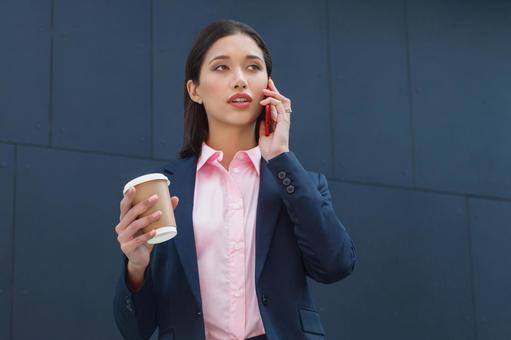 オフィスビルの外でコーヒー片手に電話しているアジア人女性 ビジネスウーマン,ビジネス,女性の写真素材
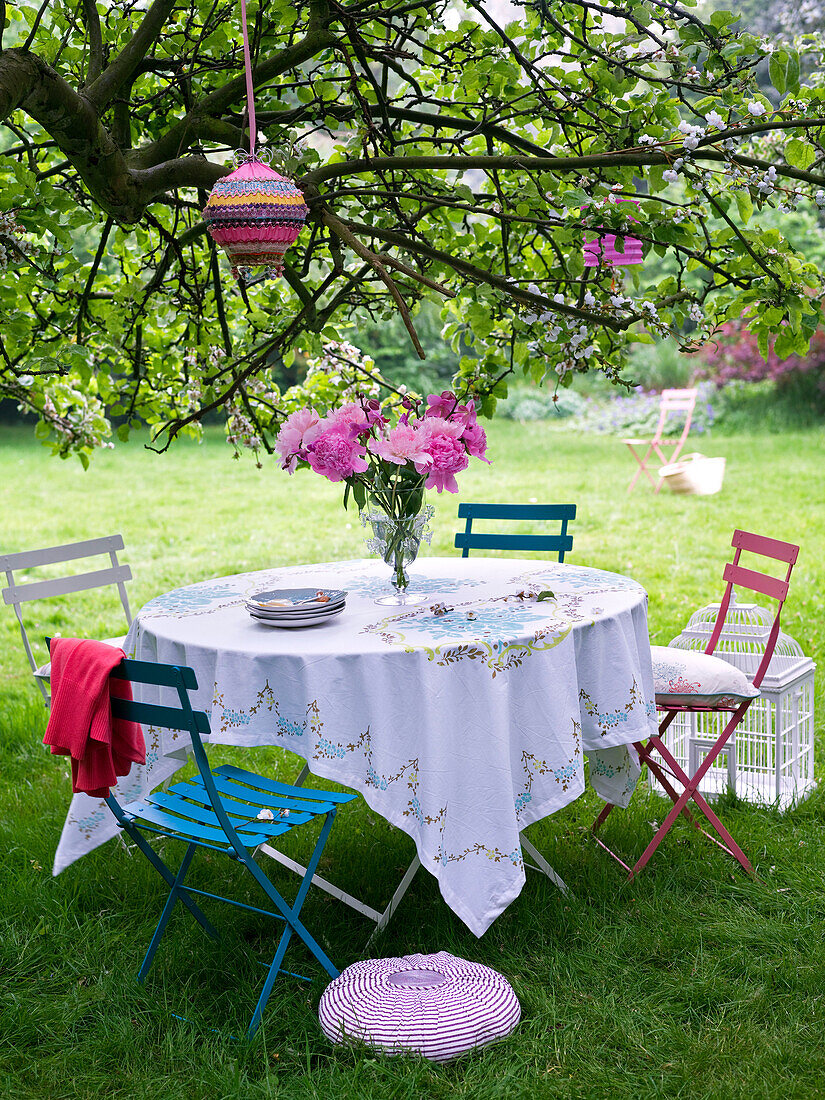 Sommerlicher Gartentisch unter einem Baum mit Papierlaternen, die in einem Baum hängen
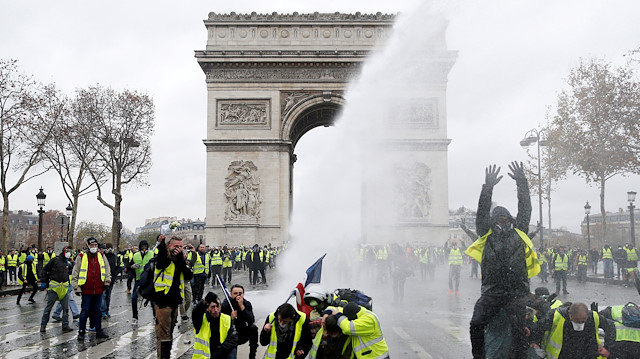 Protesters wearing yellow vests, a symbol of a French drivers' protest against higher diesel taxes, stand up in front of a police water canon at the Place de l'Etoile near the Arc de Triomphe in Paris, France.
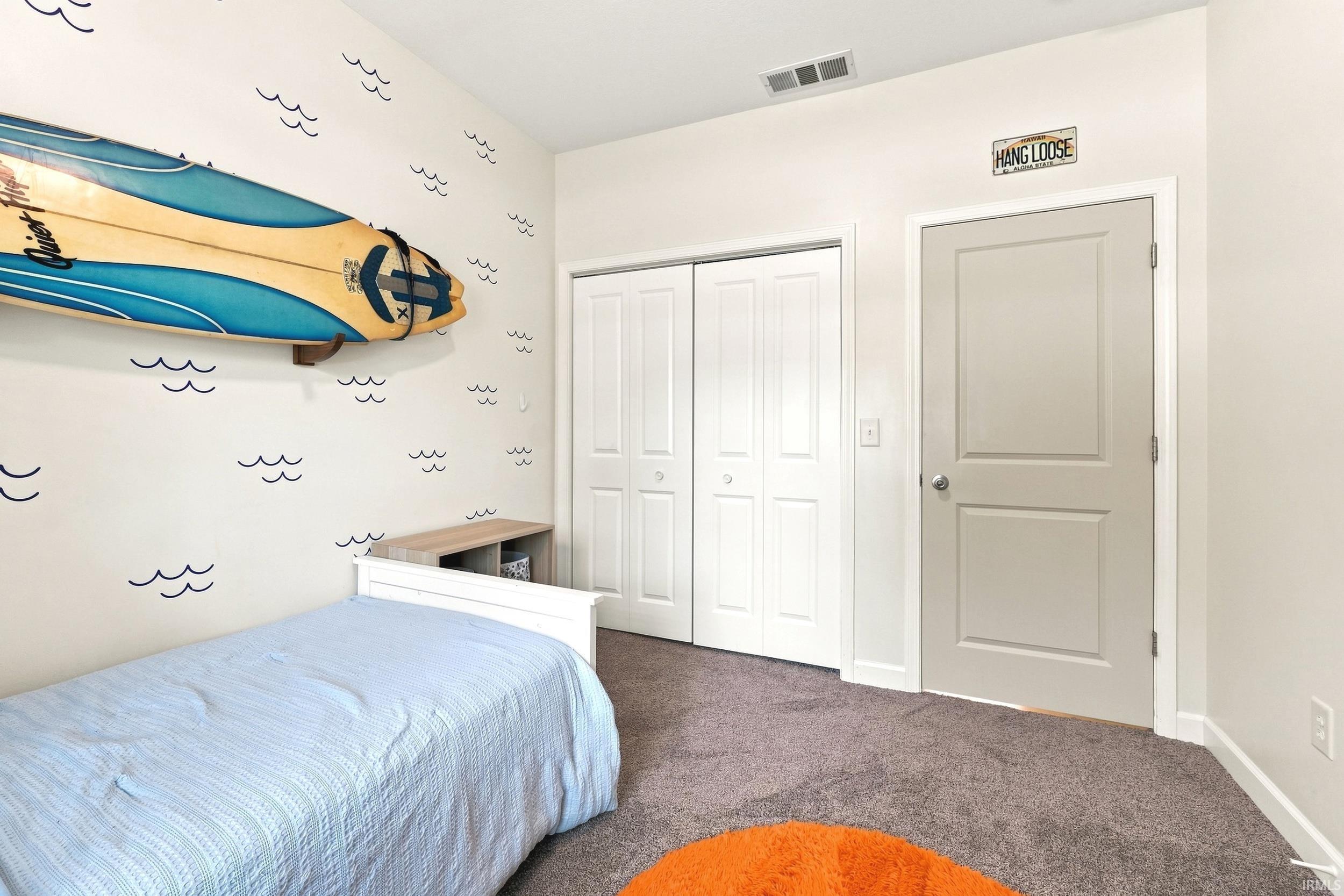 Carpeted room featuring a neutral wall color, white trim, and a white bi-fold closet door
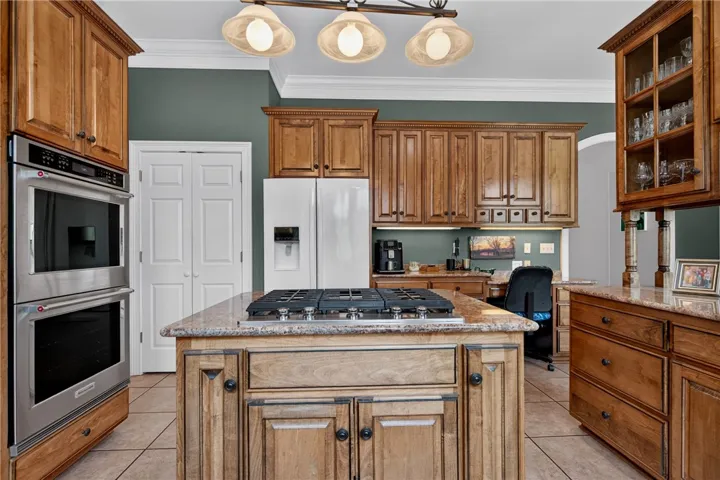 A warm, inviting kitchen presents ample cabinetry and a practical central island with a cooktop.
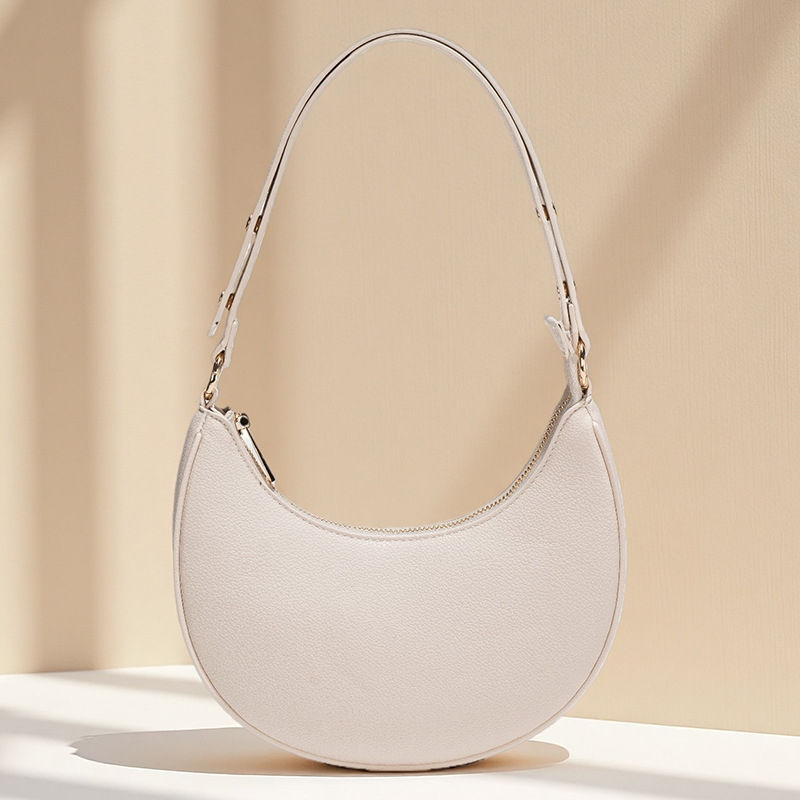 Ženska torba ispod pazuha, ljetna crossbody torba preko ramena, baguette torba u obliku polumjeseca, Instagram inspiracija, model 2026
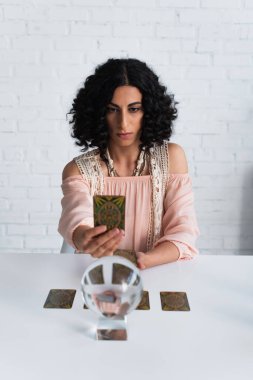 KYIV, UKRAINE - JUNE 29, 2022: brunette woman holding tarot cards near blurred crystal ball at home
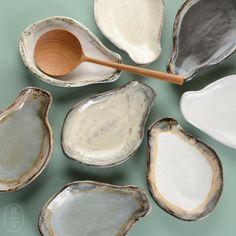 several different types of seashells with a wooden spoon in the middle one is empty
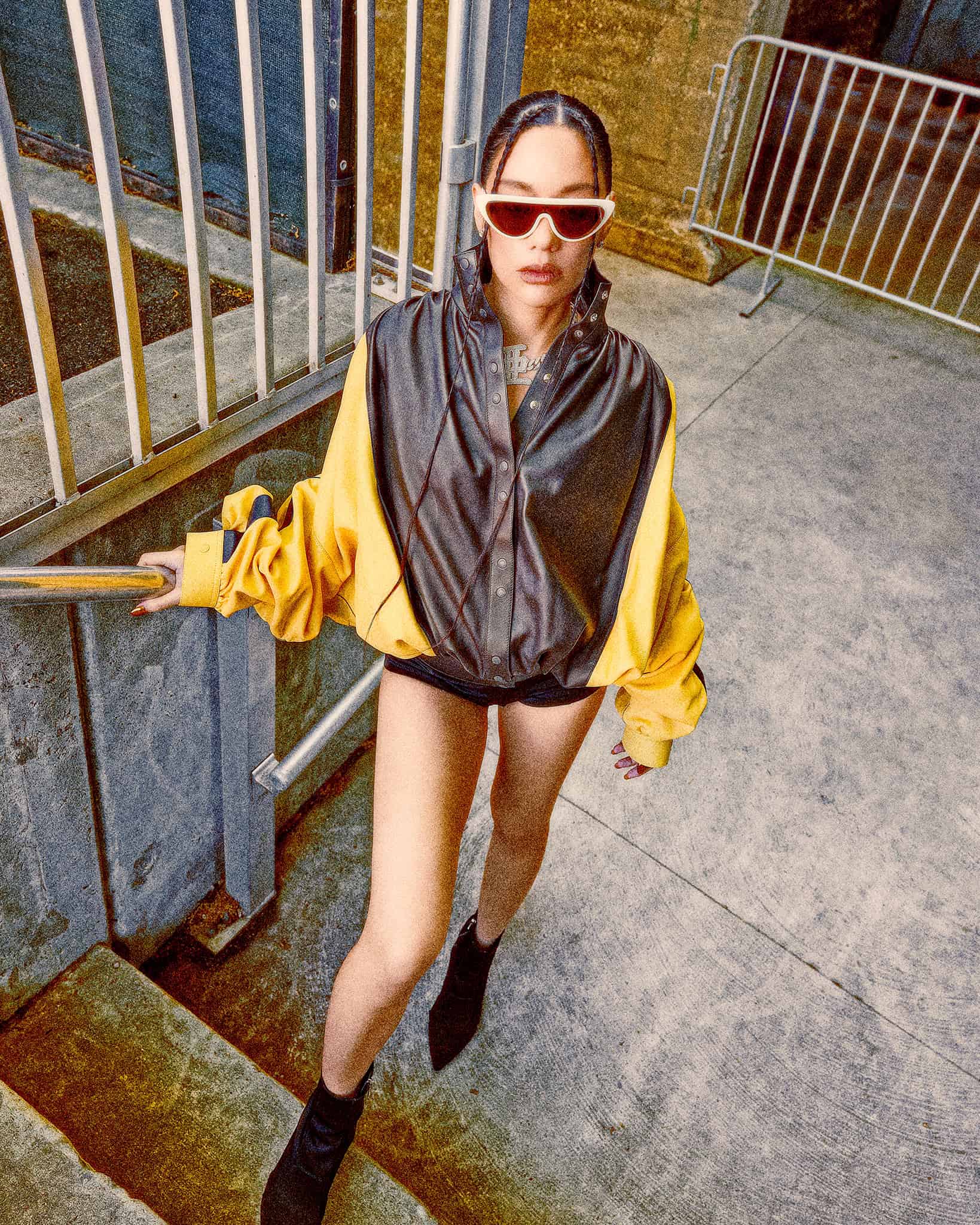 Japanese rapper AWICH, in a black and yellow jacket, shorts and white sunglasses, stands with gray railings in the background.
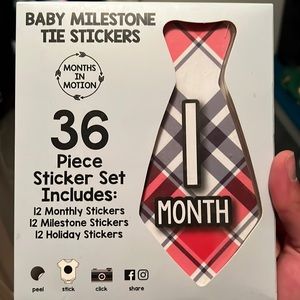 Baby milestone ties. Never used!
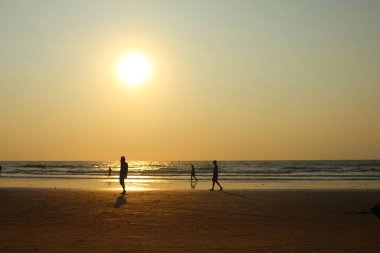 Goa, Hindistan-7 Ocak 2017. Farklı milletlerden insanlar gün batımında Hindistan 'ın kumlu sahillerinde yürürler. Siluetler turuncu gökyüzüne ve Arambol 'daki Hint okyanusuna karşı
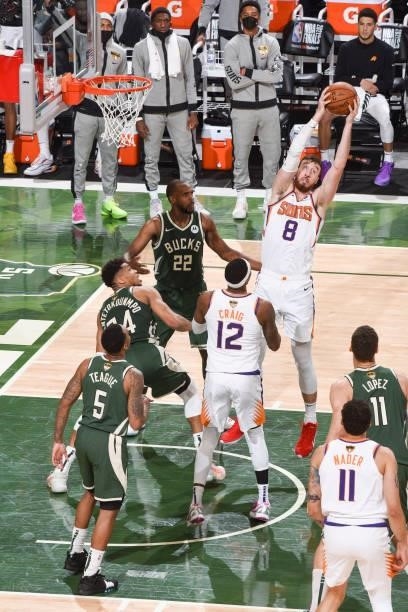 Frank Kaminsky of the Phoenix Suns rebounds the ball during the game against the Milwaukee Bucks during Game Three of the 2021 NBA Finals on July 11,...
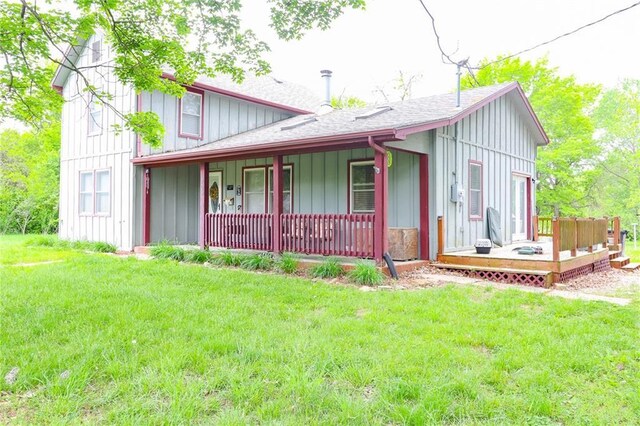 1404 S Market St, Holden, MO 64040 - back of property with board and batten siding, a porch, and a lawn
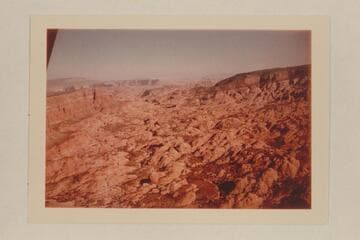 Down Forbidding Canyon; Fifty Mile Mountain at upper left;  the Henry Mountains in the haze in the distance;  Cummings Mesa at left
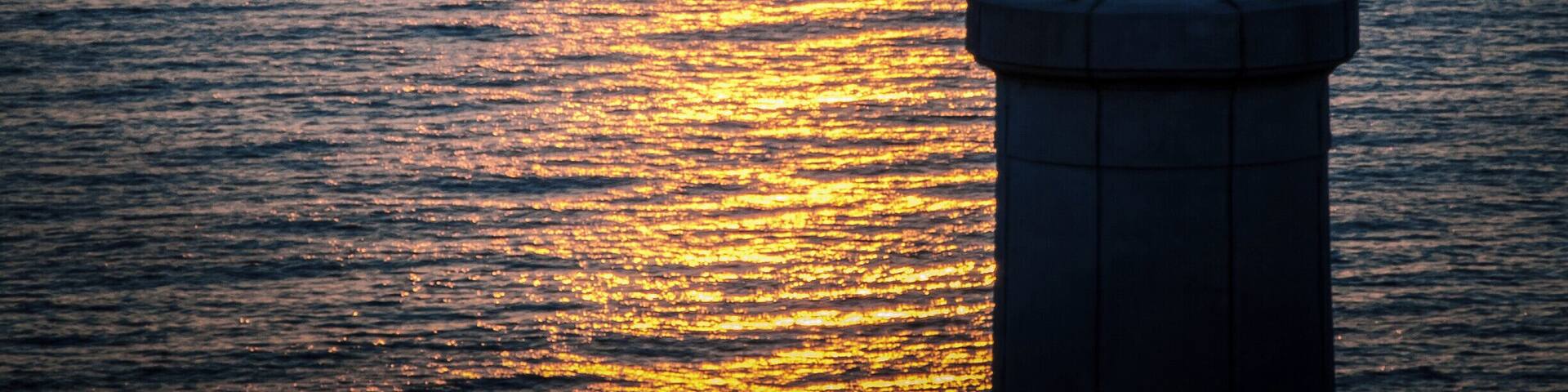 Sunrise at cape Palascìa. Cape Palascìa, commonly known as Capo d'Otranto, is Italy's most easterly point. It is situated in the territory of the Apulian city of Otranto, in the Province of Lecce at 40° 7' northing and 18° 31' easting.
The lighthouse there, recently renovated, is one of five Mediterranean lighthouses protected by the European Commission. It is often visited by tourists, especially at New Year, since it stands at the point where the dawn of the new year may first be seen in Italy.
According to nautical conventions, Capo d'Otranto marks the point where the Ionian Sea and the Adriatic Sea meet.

+ + + +

■ **Assigned task**: Give all of the material again, exactly, apart from the pictures.

■ **Output of the task**:
 オフィスビルの外でコーヒー片手に電話しているアジア人女性 ビジネスウーマン,ビジネス,女性の写真素材
 Sommerlicher Gartentisch unter einem Baum mit Papierlaternen, die in einem Baum hängen
 Protesters wearing yellow vests, a symbol of a French drivers' protest against higher diesel taxes, stand up in front of a police water canon at the Place de l'Etoile near the Arc de Triomphe in Paris, France.
 Carpeted room featuring a neutral wall color, white trim, and a white bi-fold closet door
 A warm, inviting kitchen presents ample cabinetry and a practical central island with a cooktop.
 Ženska torba ispod pazuha, ljetna crossbody torba preko ramena, baguette torba u obliku polumjeseca, Instagram inspiracija, model 2026
 KYIV, UKRAINE - JUNE 29, 2022: brunette woman holding tarot cards near blurred crystal ball at home
 several different types of seashells with a wooden spoon in the middle one is empty
 Japanese rapper AWICH, in a black and yellow jacket, shorts and white sunglasses, stands with gray railings in the background.
 Baby milestone ties. Never used!
 Goa, Hindistan-7 Ocak 2017. Farklı milletlerden insanlar gün batımında Hindistan 'ın kumlu sahillerinde yürürler. Siluetler turuncu gökyüzüne ve Arambol 'daki Hint okyanusuna karşı
 Frank Kaminsky of the Phoenix Suns rebounds the ball during the game against the Milwaukee Bucks during Game Three of the 2021 NBA Finals on July 11,...
 1404 S Market St, Holden, MO 64040 - back of property with board and batten siding, a porch, and a lawn
 Down Forbidding Canyon; Fifty Mile Mountain at upper left;  the Henry Mountains in the haze in the distance;  Cummings Mesa at left
 Sunrise at cape Palascìa. Cape Palascìa, commonly known as Capo d'Otranto, is Italy's most easterly point. It is situated in the territory of the Apulian city of Otranto, in the Province of Lecce at 40° 7' northing and 18° 31' easting.
The lighthouse there, recently renovated, is one of five Mediterranean lighthouses protected by the European Commission. It is often visited by tourists, especially at New Year, since it stands at the point where the dawn of the new year may first be seen in Italy.
According to nautical conventions, Capo d'Otranto marks the point where the Ionian Sea and the Adriatic Sea meet.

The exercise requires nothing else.